Mart ayında attığımız adımların etkisiyle finansal koşulların önemli ölçüde sıkılaştığını belirten Merkez Bankası Başkanı Fatih Karahan, “Bu durumun etkisini krediler üzerinde görmekteyiz.

Önümüzdeki dönemde bunun, talebi zayıflatacağını, fiyatlama davranışlarına olumlu yansıyacağını ve dezenflasyon sürecini güçlendireceğini öngörüyoruz. Bu süreçte, maliye politikalarının katkısı ve yönetilen-yönlendirilen fiyatların eşgüdüm halinde belirlenecek olması, dezenflasyon sürecini destekleyecektir. Aylık enflasyonun ana eğiliminde, belirgin ve kalıcı bir düşüş sağlanana ve enflasyon beklentileri, öngörülen tahmin aralığına yakınsayana kadar sıkı para politikası duruşumuzu sürdüreceğiz.

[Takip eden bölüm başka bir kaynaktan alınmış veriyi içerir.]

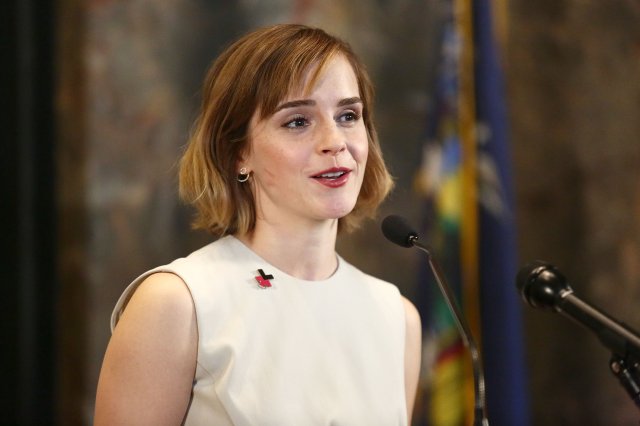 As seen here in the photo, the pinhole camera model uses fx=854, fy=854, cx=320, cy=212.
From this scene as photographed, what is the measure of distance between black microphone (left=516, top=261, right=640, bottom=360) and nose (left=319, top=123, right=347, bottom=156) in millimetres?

Enflasyonda belirgin ve kalıcı bir bozulma öngörülmesi durumunda ise, para politikası duruşumuzu sıkılaştıracağız. Kalıcı fiyat istikrarını sağlayana kadar, sıkı para politikası duruşumuzu kararlılıkla sürdüreceğiz. Haziran’dan itibaren yaşayacağımız dezenflasyon sürecinde, enflasyonu, belirlediğimiz ara hedeflerle uyumlu olacak şekilde düşürmek için ne gerekiyorsa yapmaya devam edeceğiz” dedi.”